Project 4: Memory-Mapped Graph Storage

  • File: LEARN_GRAPH_DATABASES_DEEP_DIVE.md
  • Main Programming Language: C
  • Alternative Programming Languages: Rust, C++
  • Coolness Level: Level 4: Hardcore Tech Flex
  • Business Potential: 2. The “Micro-SaaS / Pro Tool”
  • Difficulty: Level 3: Advanced
  • Knowledge Area: Operating Systems / Virtual Memory / mmap
  • Software or Tool: Building: mmap-based storage
  • Main Book: “The Linux Programming Interface” by Michael Kerrisk

What you’ll build: A graph storage engine that uses memory-mapped files (mmap), allowing the OS to handle paging and making your graph appear as a simple array in memory.

Why it teaches graph databases: Many databases (SQLite, LMDB) use mmap for I/O. It’s a powerful technique but comes with trade-offs (less control over flushing, OS-dependent behavior). Understanding when mmap works well vs. when explicit I/O is better is crucial database knowledge.

Core challenges you’ll face:

  • Using mmap() correctly → maps to understanding virtual memory
  • Handling file growth (mremap or remap) → maps to dynamic storage expansion
  • Ensuring data durability (msync) → maps to understanding persistence guarantees
  • Dealing with page faults → maps to understanding I/O cost

Key Concepts:

  • mmap System Call: “The Linux Programming Interface” Chapter 49 - Michael Kerrisk
  • Virtual Memory: “Computer Systems: A Programmer’s Perspective” Chapter 9 - Bryant & O’Hallaron
  • File-Backed Memory: “Advanced Programming in the UNIX Environment” Chapter 14 - Stevens & Rago
  • msync and Durability: SQLite mmap documentation

Resources for key challenges:

Difficulty: Advanced Time estimate: 1-2 weeks Prerequisites:

  • Project 3 completed (file-based persistence)
  • Understanding of virtual memory concepts
  • Familiarity with Unix system calls

Real world outcome:

$ ./mmap_graph create large.graph 10000000
Creating mmap-backed graph...
Mapped file: 1.2 GB
Node capacity: 10,000,000
Ready.

$ ./mmap_graph load large.graph
Loading via mmap...
Mapped in 0.8ms (just setting up mapping, no actual I/O!)

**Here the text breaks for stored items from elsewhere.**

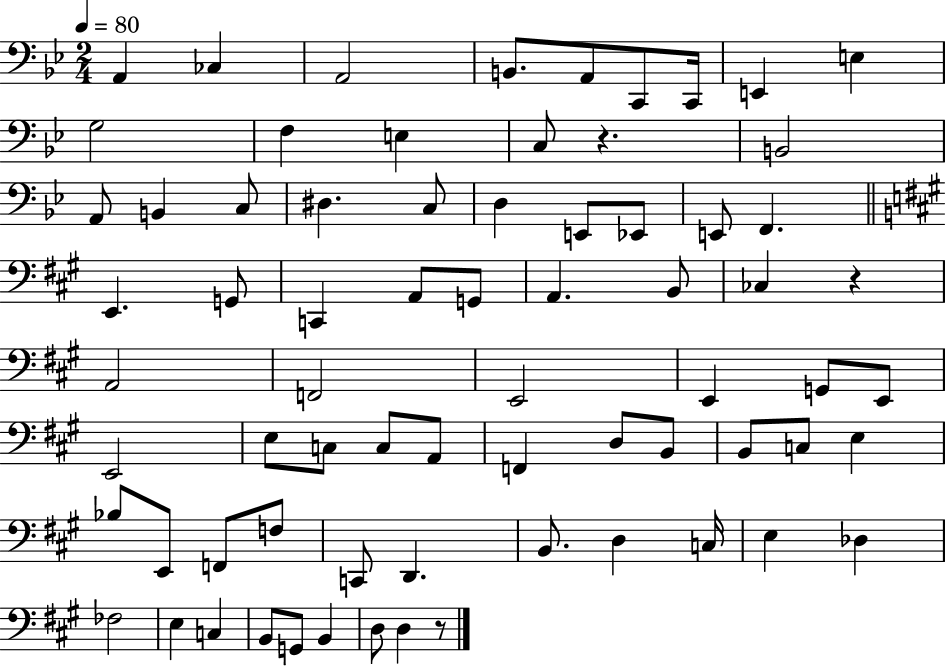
{
  \clef bass
  \numericTimeSignature
  \time 2/4
  \key bes \major
  \tempo 4 = 80
  a,4 ces4 | a,2 | b,8. a,8 c,8 c,16 | e,4 e4 | \break g2 | f4 e4 | c8 r4. | b,2 | \break a,8 b,4 c8 | dis4. c8 | d4 e,8 ees,8 | e,8 f,4. | \break \bar "||" \break \key a \major e,4. g,8 | c,4 a,8 g,8 | a,4. b,8 | ces4 r4 | \break a,2 | f,2 | e,2 | e,4 g,8 e,8 | \break e,2 | e8 c8 c8 a,8 | f,4 d8 b,8 | b,8 c8 e4 | \break bes8 e,8 f,8 f8 | c,8 d,4. | b,8. d4 c16 | e4 des4 | \break fes2 | e4 c4 | b,8 g,8 b,4 | d8 d4 r8 | \break \bar "|."
}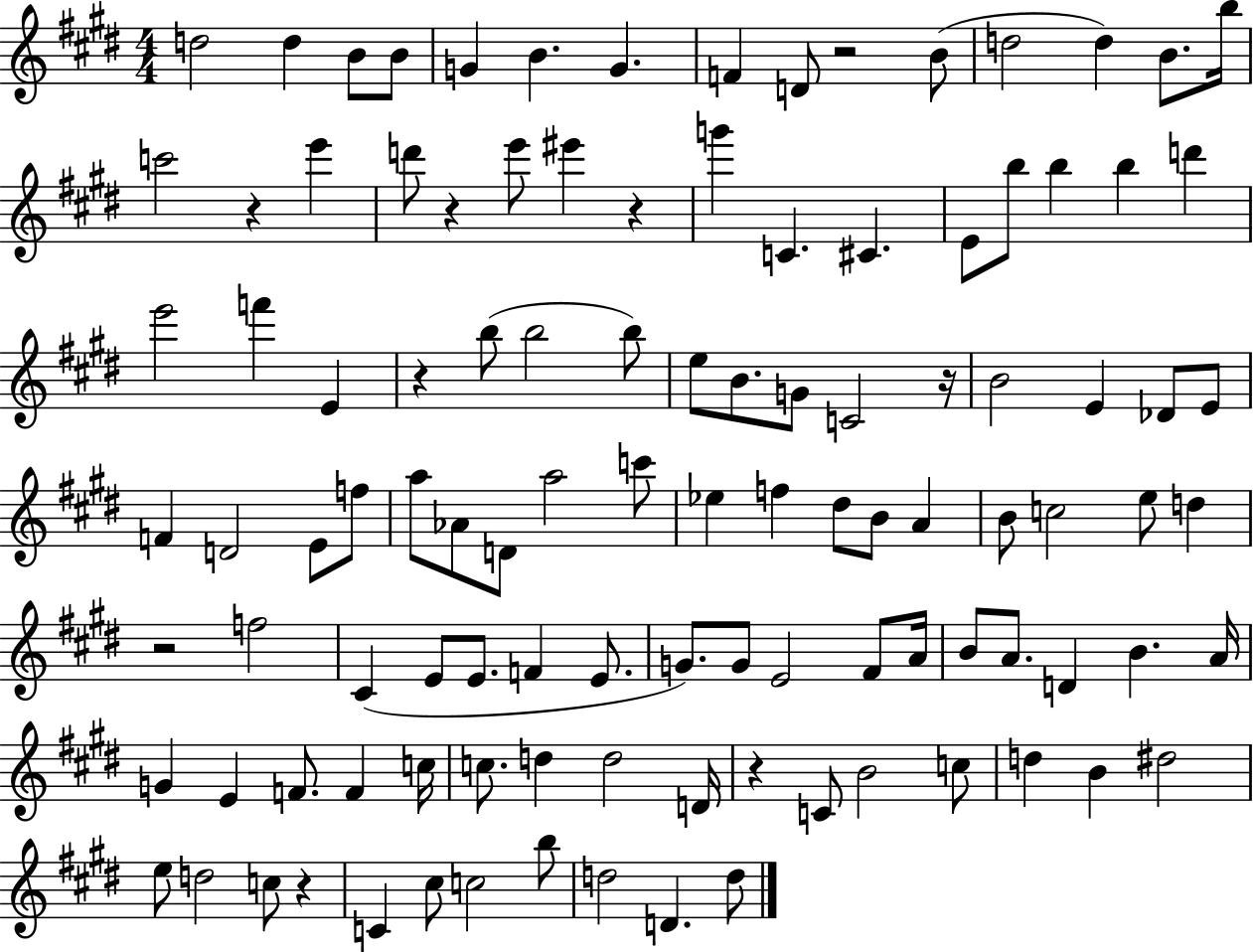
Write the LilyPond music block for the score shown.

{
  \clef treble
  \numericTimeSignature
  \time 4/4
  \key e \major
  d''2 d''4 b'8 b'8 | g'4 b'4. g'4. | f'4 d'8 r2 b'8( | d''2 d''4) b'8. b''16 | \break c'''2 r4 e'''4 | d'''8 r4 e'''8 eis'''4 r4 | g'''4 c'4. cis'4. | e'8 b''8 b''4 b''4 d'''4 | \break e'''2 f'''4 e'4 | r4 b''8( b''2 b''8) | e''8 b'8. g'8 c'2 r16 | b'2 e'4 des'8 e'8 | \break f'4 d'2 e'8 f''8 | a''8 aes'8 d'8 a''2 c'''8 | ees''4 f''4 dis''8 b'8 a'4 | b'8 c''2 e''8 d''4 | \break r2 f''2 | cis'4( e'8 e'8. f'4 e'8. | g'8.) g'8 e'2 fis'8 a'16 | b'8 a'8. d'4 b'4. a'16 | \break g'4 e'4 f'8. f'4 c''16 | c''8. d''4 d''2 d'16 | r4 c'8 b'2 c''8 | d''4 b'4 dis''2 | \break e''8 d''2 c''8 r4 | c'4 cis''8 c''2 b''8 | d''2 d'4. d''8 | \bar "|."
}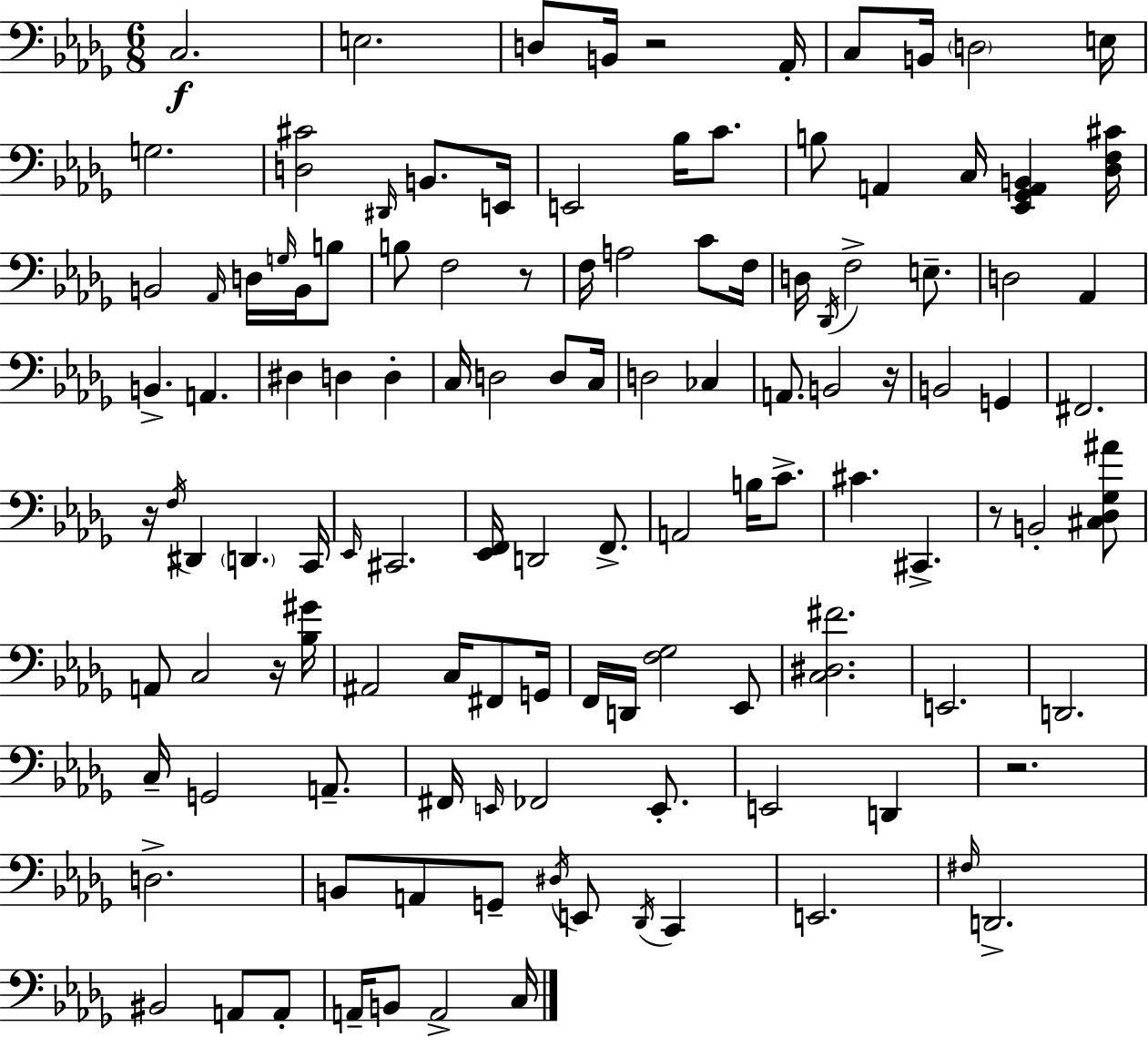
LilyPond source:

{
  \clef bass
  \numericTimeSignature
  \time 6/8
  \key bes \minor
  c2.\f | e2. | d8 b,16 r2 aes,16-. | c8 b,16 \parenthesize d2 e16 | \break g2. | <d cis'>2 \grace { dis,16 } b,8. | e,16 e,2 bes16 c'8. | b8 a,4 c16 <ees, ges, a, b,>4 | \break <des f cis'>16 b,2 \grace { aes,16 } d16 \grace { g16 } | b,16 b8 b8 f2 | r8 f16 a2 | c'8 f16 d16 \acciaccatura { des,16 } f2-> | \break e8.-- d2 | aes,4 b,4.-> a,4. | dis4 d4 | d4-. c16 d2 | \break d8 c16 d2 | ces4 a,8. b,2 | r16 b,2 | g,4 fis,2. | \break r16 \acciaccatura { f16 } dis,4 \parenthesize d,4. | c,16 \grace { ees,16 } cis,2. | <ees, f,>16 d,2 | f,8.-> a,2 | \break b16 c'8.-> cis'4. | cis,4.-> r8 b,2-. | <cis des ges ais'>8 a,8 c2 | r16 <bes gis'>16 ais,2 | \break c16 fis,8 g,16 f,16 d,16 <f ges>2 | ees,8 <c dis fis'>2. | e,2. | d,2. | \break c16-- g,2 | a,8.-- fis,16 \grace { e,16 } fes,2 | e,8.-. e,2 | d,4 r2. | \break d2.-> | b,8 a,8 g,8-- | \acciaccatura { dis16 } e,8 \acciaccatura { des,16 } c,4 e,2. | \grace { fis16 } d,2.-> | \break bis,2 | a,8 a,8-. a,16-- b,8 | a,2-> c16 \bar "|."
}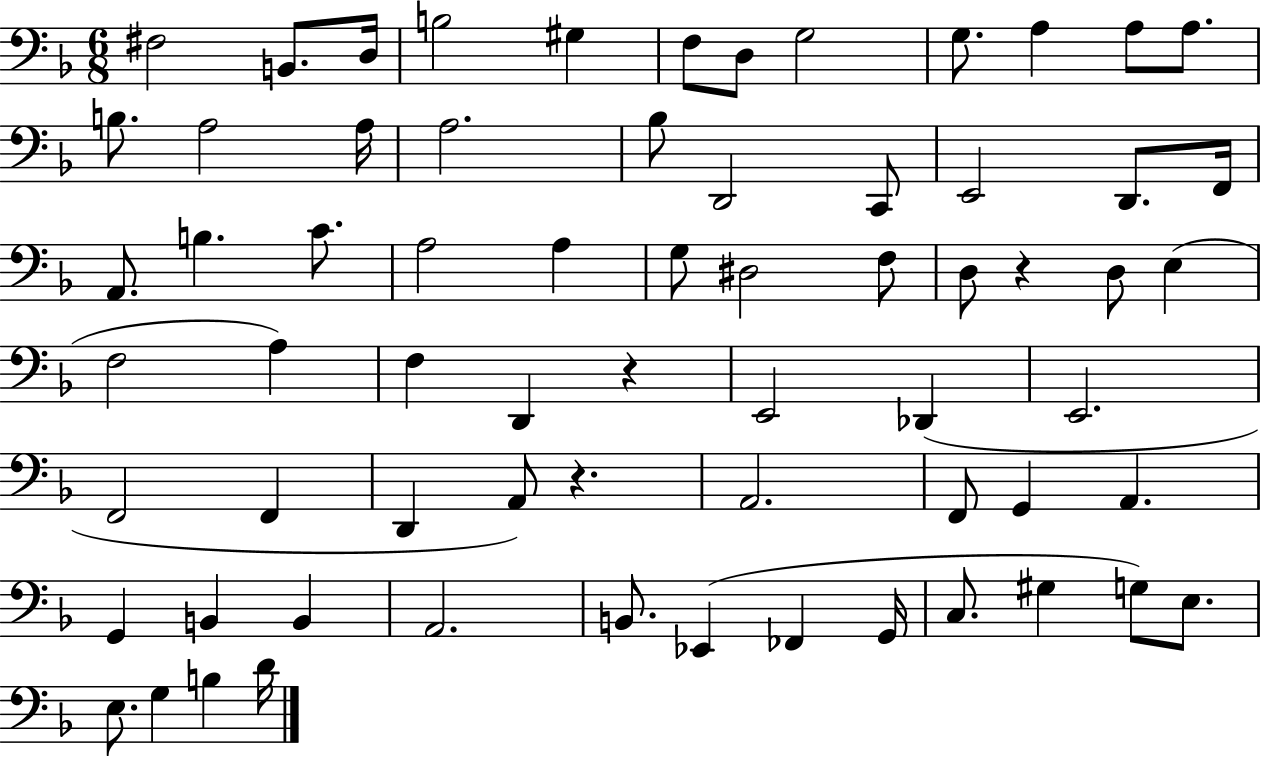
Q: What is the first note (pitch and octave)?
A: F#3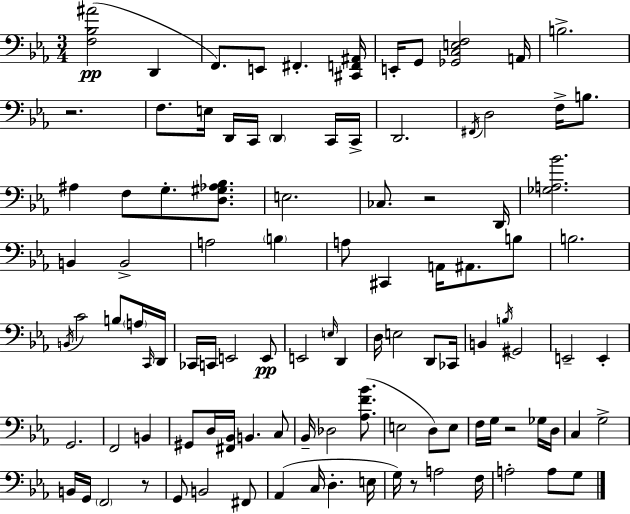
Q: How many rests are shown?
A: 5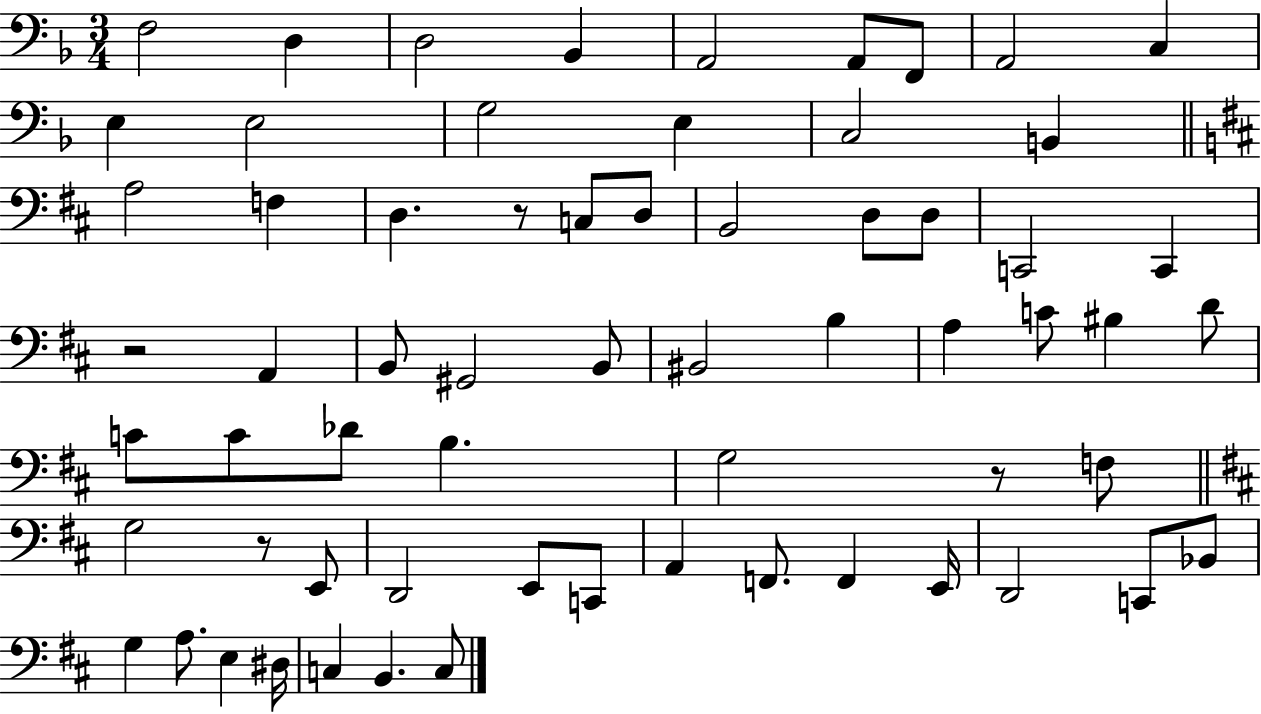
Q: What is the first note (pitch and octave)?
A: F3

$ ./mmap_graph query large.graph
> get_node 5000000
Node 5000000 accessed in 0.02ms (first access, page fault)
> get_node 5000001
Node 5000001 accessed in 0.001ms (same page, cached)

> traverse 1 depth 3
Traversed 15,847 nodes in 45ms
Pages faulted: 234

Implementation Hints:

Basic mmap usage in C:

Open file with proper size
mmap() with MAP_SHARED for persistence
Cast pointer to your record array
Access records directly via pointer arithmetic
msync() to ensure writes reach disk
munmap() when done

The beauty of mmap: your nodes become a simple array access:

Node* nodes = (Node*)mmap(...);
Node n = nodes[node_id];  // OS handles loading from disk

But understand the dangers:

  • You can’t control when dirty pages are written
  • Page faults happen at unpredictable times
  • No control over eviction order
  • Signal handlers needed for SIGBUS

Questions to think about:

  • What happens if you access node 1, then node 1,000,000? (Two page faults)
  • How big is a page? (Usually 4KB) How many nodes fit in one page?
  • When should you call msync()? What flags (MS_SYNC vs MS_ASYNC)?
  • Why does SQLite make mmap optional?

Learning milestones:

  1. Graph loads “instantly” → You understand memory mapping
  2. You observe page faults during traversal → You understand demand paging
  3. msync ensures durability → You understand persistence guarantees
  4. You understand mmap’s limitations → You’re ready for buffer pools

Project 5: Buffer Pool Manager

  • File: LEARN_GRAPH_DATABASES_DEEP_DIVE.md
  • Main Programming Language: C
  • Alternative Programming Languages: Rust, C++
  • Coolness Level: Level 4: Hardcore Tech Flex
  • Business Potential: 3. The “Service & Support” Model
  • Difficulty: Level 4: Expert
  • Knowledge Area: Database Internals / Caching / I/O Management
  • Software or Tool: Building: Buffer Pool
  • Main Book: “Database Internals” by Alex Petrov

What you’ll build: A buffer pool manager that caches disk pages in memory, implementing LRU eviction, pin counting, and dirty page tracking—the heart of any serious database.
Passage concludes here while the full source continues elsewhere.